WELCOME to those who have passed a milestone in the Everwalk Walk Up An Appetite Challenge. Here’s a blogpost from 2015 that includes a fabulous recipe from the kitchen of Diana Rigg. If you are a fan of classic movie stars, do sign up to my monthly newsletter or leave a comment below and I will add you in – there will be news about book projects including the Vincent Price cookbook I am working on with Peter Fuller of the Vincent Price Legacy UK.
For more info about the book, check out this page.
I was very sad to hear the news about Diana Rigg’s death yesterday.
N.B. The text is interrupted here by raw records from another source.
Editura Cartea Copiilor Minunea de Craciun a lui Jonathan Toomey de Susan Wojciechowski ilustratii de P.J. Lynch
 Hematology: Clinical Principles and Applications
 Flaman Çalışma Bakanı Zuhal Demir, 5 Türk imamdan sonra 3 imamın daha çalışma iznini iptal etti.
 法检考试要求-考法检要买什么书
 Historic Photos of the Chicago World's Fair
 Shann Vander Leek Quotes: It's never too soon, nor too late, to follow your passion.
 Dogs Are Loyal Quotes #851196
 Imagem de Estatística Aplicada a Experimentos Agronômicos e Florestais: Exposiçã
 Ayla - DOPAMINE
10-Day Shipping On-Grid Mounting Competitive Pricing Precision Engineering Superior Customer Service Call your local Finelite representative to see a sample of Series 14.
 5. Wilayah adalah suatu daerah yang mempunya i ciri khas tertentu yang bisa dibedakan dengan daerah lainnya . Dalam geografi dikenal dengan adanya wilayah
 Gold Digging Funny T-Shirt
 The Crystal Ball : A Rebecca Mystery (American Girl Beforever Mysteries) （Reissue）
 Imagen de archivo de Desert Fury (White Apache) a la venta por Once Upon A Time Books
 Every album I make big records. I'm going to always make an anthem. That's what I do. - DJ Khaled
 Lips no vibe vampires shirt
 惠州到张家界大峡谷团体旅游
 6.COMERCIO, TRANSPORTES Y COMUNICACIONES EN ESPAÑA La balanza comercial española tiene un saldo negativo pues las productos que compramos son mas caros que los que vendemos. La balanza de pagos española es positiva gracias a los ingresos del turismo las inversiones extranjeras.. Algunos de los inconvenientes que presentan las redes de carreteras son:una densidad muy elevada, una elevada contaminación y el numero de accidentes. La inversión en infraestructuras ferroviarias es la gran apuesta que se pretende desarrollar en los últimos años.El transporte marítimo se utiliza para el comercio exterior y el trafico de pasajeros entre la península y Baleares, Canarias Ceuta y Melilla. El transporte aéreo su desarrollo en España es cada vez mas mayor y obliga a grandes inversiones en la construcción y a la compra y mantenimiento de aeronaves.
I thought I would republish a post from 2018 that features some lovely pictures of Diana and her recipe for goulash.
As far as I know, cider is not a traditional component of goulash, but Diana uses it in hers, and somehow, it works. This was really very tasty indeed. It was very difficult to make it look nice in a photo though. As it was pointed out to me many moons ago by the lovely Alastair Hendy, brown food is very hard to photograph. Definitely one for the Vincent Price Co*Star cookbook though, I liked it.
As I don’t have a nice pic of the goulash, how about some pics of Diana?!
…and here’s the way she makes her goulash!
Diana says: “As a change from ordinary cooking, I enjoy some international cuisine. Goulash is a stew using a cheap cut of meat, made tender by long slow cooking. The flavourings are unusual and result in a dish that is different and delicious. It re-heats well for a second day.”
Diana Rigg’s Beef Goulash
1/2 pint cider
2 1/2 cheapest cut stewing steak
1 lb onions
2 oz lard
1 tablespoon paprika
2 tomatoes, peeled and de-seeded
1 or 2 crushed garlic cloves
Grated rind of half a lemon
1 teaspoon of caraway seeds and dried marjoram
Trim fat and skin from the steak and cut into strips. Cut the onions into thin slices. Melt the lard in a strong pan and fry the onion until golden brown. Stir in the paprika and half the cider and boil for a minute or two. Stir in the rest of the cider, the meat, salt, chopped tomatoes and seasonings (garlic, lemon rind, caraway seeds and marjoram). Cover pan with lid and cook as slowly as possible until the meat is tender (usually about 2-3 hours). Serve with boiled potatoes or plain boiled noodles.